Bob Swenson, professor emeritus of physics at Montana State University and former Vice President for Research and Development died on the 26th of December, 2015 at his home in Bozeman, Montana.

Bob’s academic achievements and honors are many. He was a Fellow of the American Physical Society and the American Association for the Advancement of Science. He received the Governor’s Award for Outstanding Service on the Science and Technology Council, the Montana State University (MSU) Alumni Excellence Award in 1986 and 1990, and National Science Foundation’s (NSF) Award for Outstanding Contribution to the “Experimental Program to Simulate Competitive Research” (EPSCoR). He served on the Board of Directors of the National EPSCoR Coalition, the Montana Biotechnology Center of Excellence, and the Association of Retirement Organizations in Higher Education. He served on the Board of Trustees of the EPSCoR Foundation, and the Associated Western Universities.

Throughout his career, Bob focused on creating a vital role for a research land-grant university in a rural state, particularly with regard to the impact of research on the education of undergraduates and on technology transfer to the micro-businesses in the state.

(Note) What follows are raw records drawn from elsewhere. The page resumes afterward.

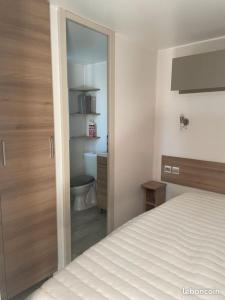 a bedroom with a bed and a bathroom with a toilet at Mobilhome Luminosa*** in Fréjus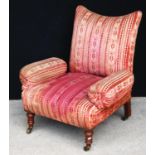 Unusual Victorian armchair with stuff-over frame, raised on baluster turned legs terminating in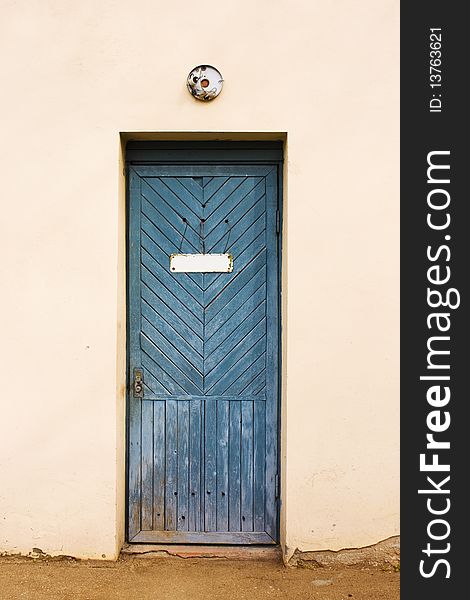 Blue vintage door with empty white doorplate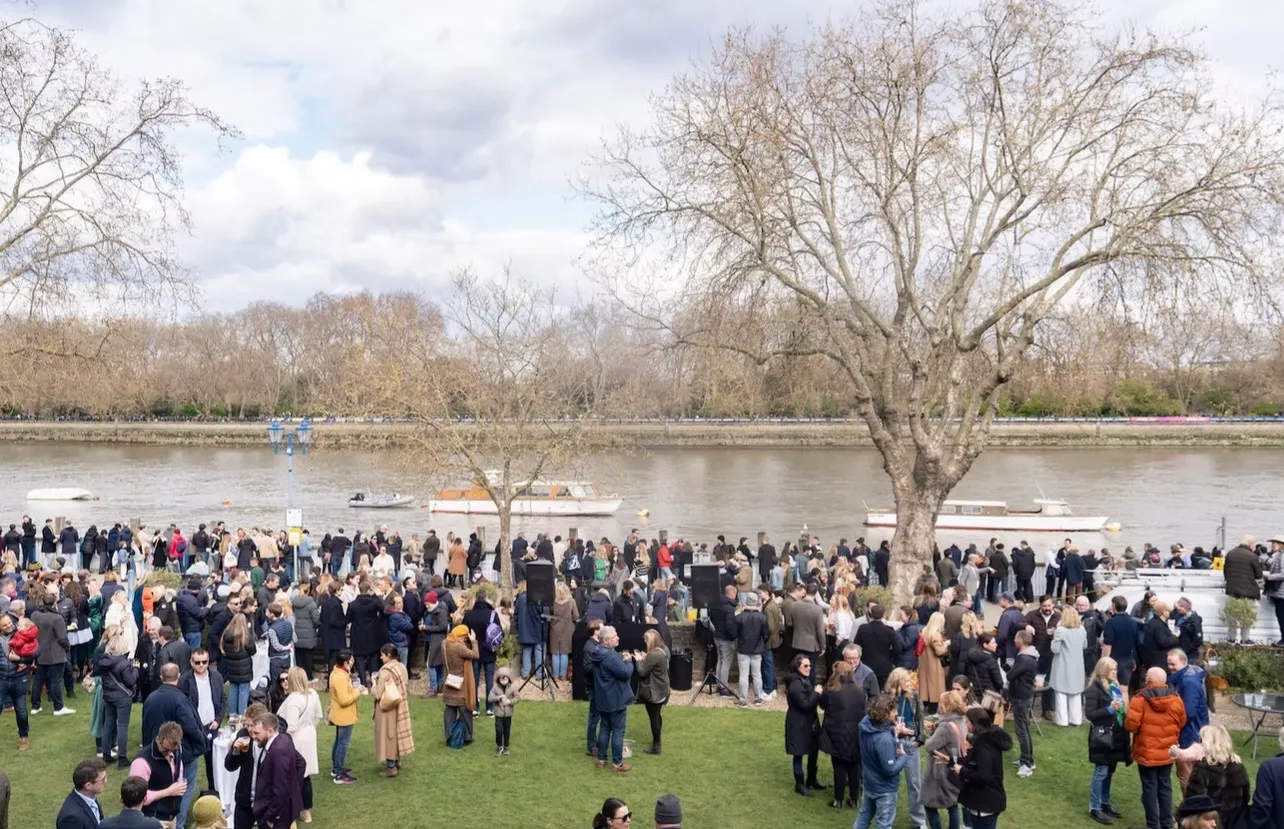 A crowd filling the lawn and the river wall on Boat Race day, drinks in hand and launches out on the Thames beyond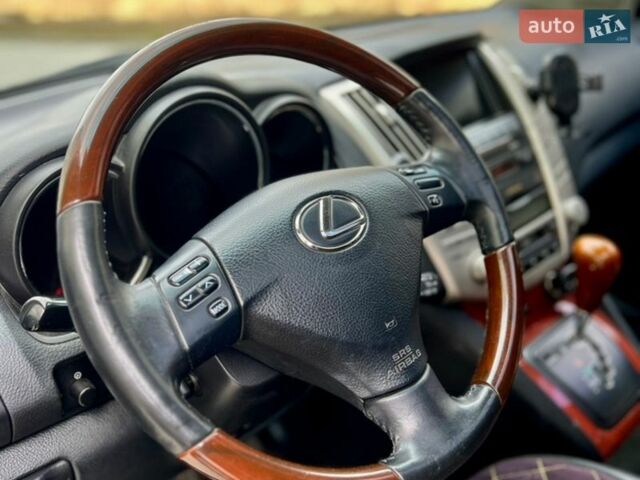Черный Лексус РХ, объемом двигателя 3.5 л и пробегом 260 тыс. км за 12500 $, фото 12 на Automoto.ua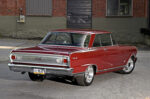003 1965 Chevy Nova rear view with polished trim and wide modern street tires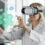 Healthcare professional using virtual reality headset to interact with futuristic medical icons, symbolizing innovation and Health Tech Hubs in India for dental and medical device solutions.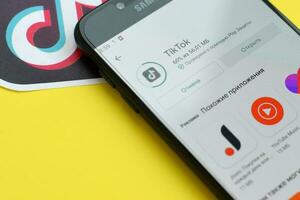 tiktok inscrição dentro playmarket em samsung Smartphone tela em amarelo fundo. tiktok é uma popular compartilhamento de vídeo social trabalho em rede serviço possuído de bytedance foto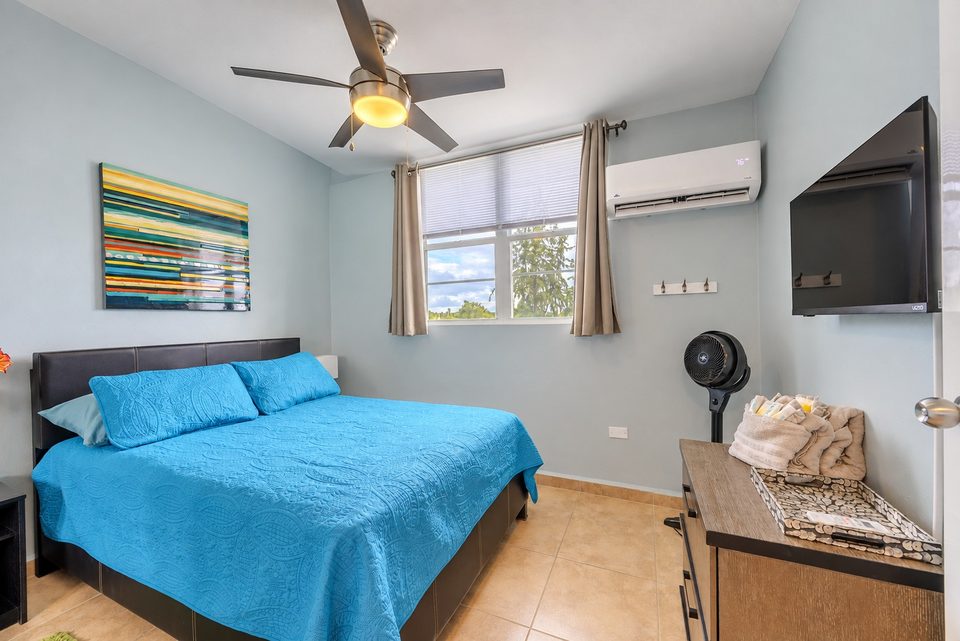 Bedroom two from the door: the blue bed under the window, striped art on the wall, the TV to the right
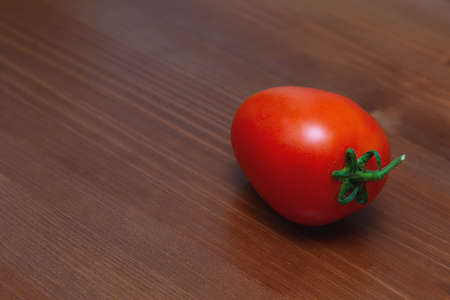 Red tomato on the background of a wooden table.の写真素材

Bob was born March 3, 1934 in Butte, Montana. He received a B.S. from Montana State in Engineering Physics in 1956 and a Ph.D. in Physics from Lehigh University in 1961. After a postdoctoral fellowship at Lehigh, he received offers of fellowships from NATO, NSF, and National Academy of Sciences (NAS) to study in Europe. Bob chose the NAS Fellowship and spent two years at the University of Brussels working with Nobel Laureate Ilya Prigogine.

Following his work with Prigogine, he took a joint appointment between the Physics Department and the Joint Institute for Laboratory Astrophysics at the University of Colorado. But within a year, he received an offer from Temple University in Philadelphia that he could not refuse. During five years at Temple, Bob built up one of the strongest groups in Statistical Physics in the country. In his third year, he was elected Chair of the Physics Department.

But Bob always wanted to return to the Rockies. Beginning in 1968, with support from NSF, Bob started organizing theoretical physics workshops at Montana State University each summer. Then on July 1, 1970, Bob returned to Montana full-time as head of the MSU Department of Physics. He held that position from 1970 to 1990. He became Vice President for Research and Development in the summer of 1990, serving until 1998.

Bob was an important leader in stimulating research in a rural states that typically only received a small portion of federal research funding. Through Bob’s involvement in EPSCoR, he had a major impact on the ability of Montana’s universities to conduct research, bringing more than $200 million into the state of Montana. Bob served as chairman of the Coalition of EPSCoR States and served so ably – and with such a deep commitment to improving the nation’s science and technology enterprise -- that the coalition created a scholarship in his honor, the “Dr. Robert Swenson Scholarship,” at MSU. The honor was presented to Bob in Washington, D.C. on March 24, 1998.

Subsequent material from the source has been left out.